The pressure to lose weight for your wedding
how the wedding industry affects women's bodies- and what you can do about it
trigger warning: this post mentions weight loss and dieting - if that doesn’t spark joy for you, please don’t read this post.
This year, along with quite a few big changes, I embarked on a large, multi-year, very expensive project: getting married.
I got engaged over a year ago, and the wedding is sometime in 2024. I’m sure I’ll share more as it gets closer, but at this time, all you need to know is that it is a large family wedding.
This year, as I was training for a half marathon, my body changed. I lost around 10-15 pounds, enough for others to notice. My diet hadn’t changed, just my level of movement increased as I ran 20-35 miles a week. A disclaimer - I am a very healthy weight and there is no significant health need or risk for me to lose or gain weight at this time. It just happened!
So put those two things together - losing weight and getting married. And the comments started rolling in.
“Getting ready for the big day?”
“I remember I was so nervous to get married, I could barley eat! I was 100 pounds soaking wet.”
“I was so much more petite than you when I got married, but I’m sure you could get there before the wedding day.”
Then I stopped training for a half marathon and didn’t end up racing and my weight increased. And now, I’m lying awake at 3 am trying to create a diet plan to finally lose that stubborn 15 pounds before the big day.
But why?
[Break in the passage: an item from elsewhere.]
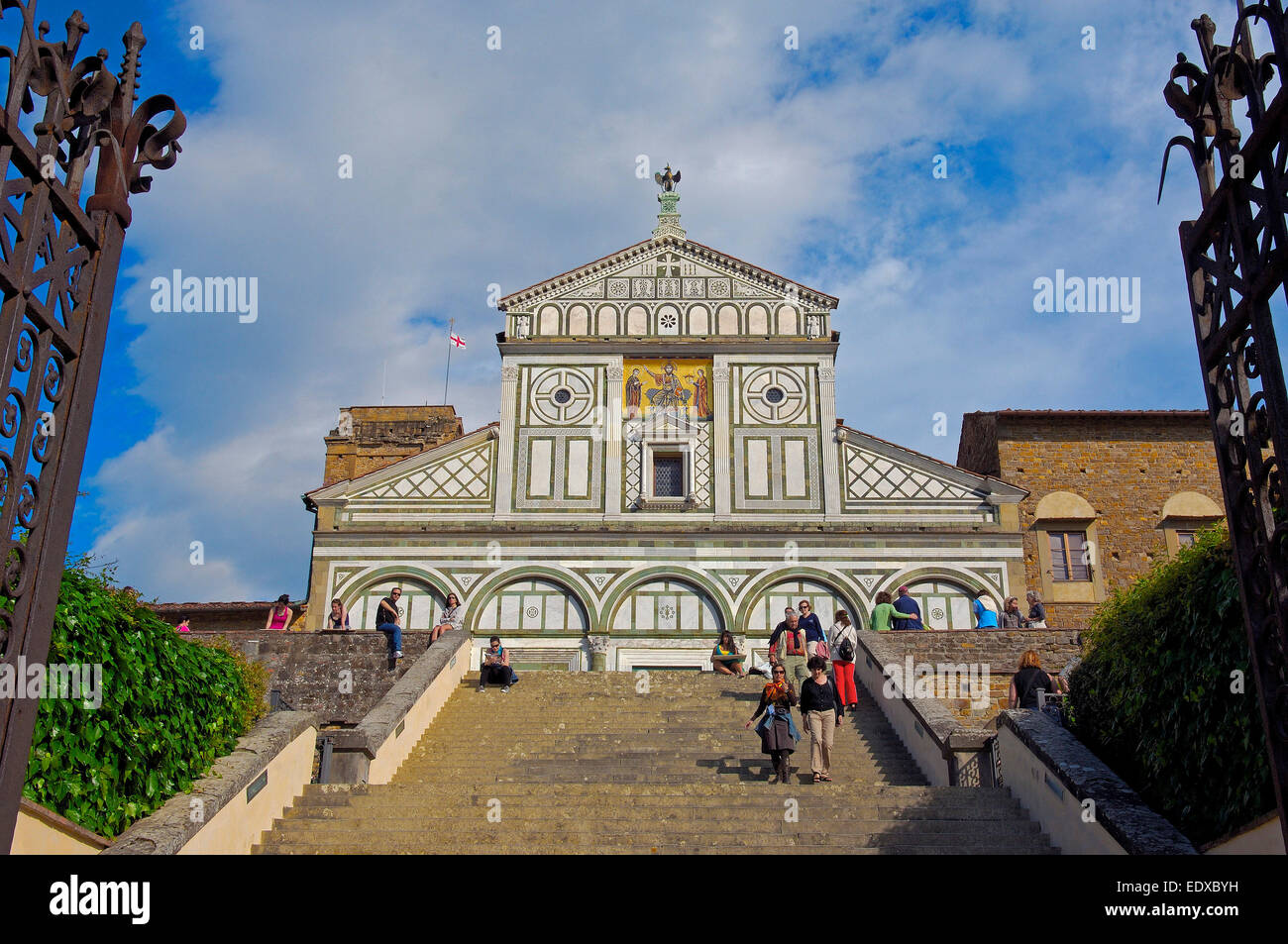 San Miniato al Monte, Florence, église San Miniato al Monte, Toscane, Italie Banque D'Images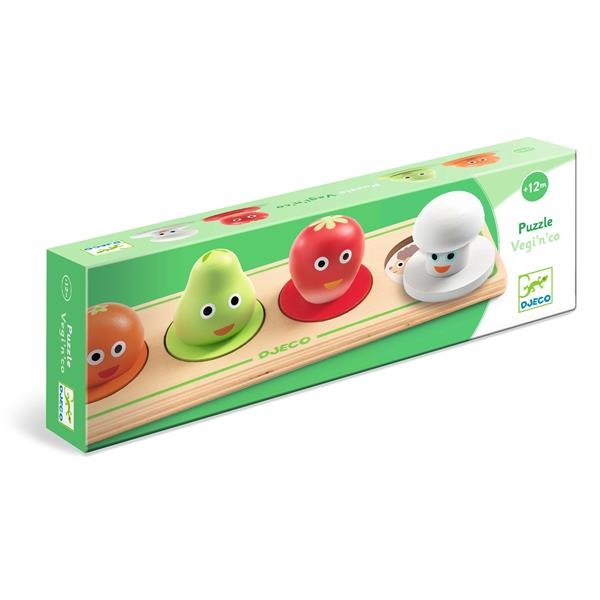 Casse-tête bois  - Vegi'n'Co / 4 pcs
I set out to investigate.
In a recent poll of over 1,000 wedding website users, over 84% felt pressure to lose weight for their wedding day. 51% don’t think their body image is represented in wedding content enough.
There are books like Skinny Sexy Bride and The Bride Diet. “Did you know that over 70% of women are TOO LARGE to fit into the dresses they chose on the day of their wedding?” reads the back cover of The Bride Diet. “Can you imagine how humiliated and desperate those thousands of women must feel as they frantically pace and pray that the last second alterations can be done in time?” (Cue massive eye roll)
Ads with content like this show up everywhere on my feed ^^
In America, the size and space of my body are a sign of my worth as a white cis woman of privilege. I do not agree with this, but it is inherent in our biases. Women who are “prettier” are paid more, promoted more, and generally seen as more competent in the workplace. Women considered obese earn $5.25 less per hour than women considered a normal weight, according to a 2014 Vanderbilt University study.
So what happens when you combine a billion dollar Diet Culture industry ($70 billion in profit in 2022), a billion dollar Wedding industry ($59 billion of profit in 2022) and societal expectations around weight and women’s value?
Women/Brides become the target of diet plans, books, coaching sessions, weight loss programs, ads promoting diet products. In some ways, this is comforting. It’s not about your body, it’s just about making money!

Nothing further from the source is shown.